The event featured two tracks, one on Business Strategies and one on Mergers and Acquisitions, and we attended both.

The Business Strategies track was moderated by Arturo Quintero, co-founder of Moravia, who offered a valuable insight in the landmarks of strategic planning an organization must have in place in order to achieve sustainable growth. The track included a few workshop features on determining the basic tools and processes towards corporate identification and development. An intriguing discussion evolved around the necessity and usefulness of mission and vision statements and their role in employee engagement. Two interesting exercises that revealed the many different levels of both maturity and expectations in the group – more than 50 people, among whom were both company owners and managing directors – were the internal and external assessment and the SWOT analysis. Arturo shared examples from his wealthy experience at Moravia encouraging the attendees to also honestly share their own personal challenges and concerns. The Business Strategies track has indeed been an inspiration for setting our eyes to the future and taking the necessary steps to get there.

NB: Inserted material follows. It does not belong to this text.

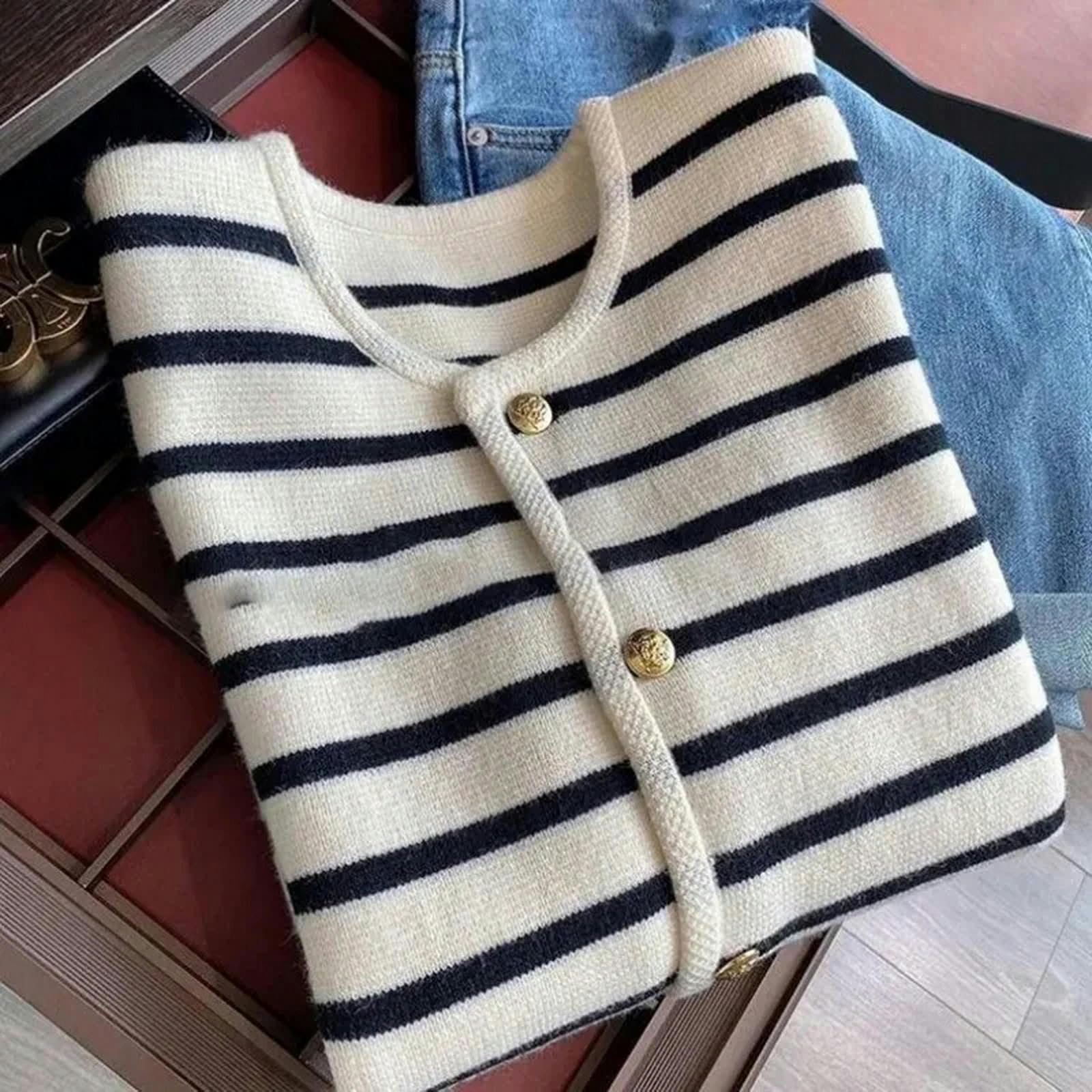 Maglione Donna Spring Autumn Knit Cardigan Womens Elegante Manica Lunga Single Shorted Coat Agroppa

The Mergers & Acquisitions track was moderated by Geert Vanderhaeghe, who brought in many years of banking experience, along with his recent involvement in the LSP industry. As the topic of M&As can be a really wide one, the sessions tried to cover the essentials of mergers and acquisitions, both from the buyer and the seller point of view, including financials, market opportunities, and some dos and don’ts. What we found really interesting was the exercise that took place during the last session, where we were called to identify the pros and cons of both our industry and our companies. Lots of opinions were exchanged, revealing the different perspectives of LSPs of many sizes, plus the views and struggles of company owners trying to distinguish between running a corporate or a lifestyle company.

Lots of knowledge to be absorbed but there is enough time till the next edition of the ND Focus for Executives to be held in Greece in 2017! See you all there!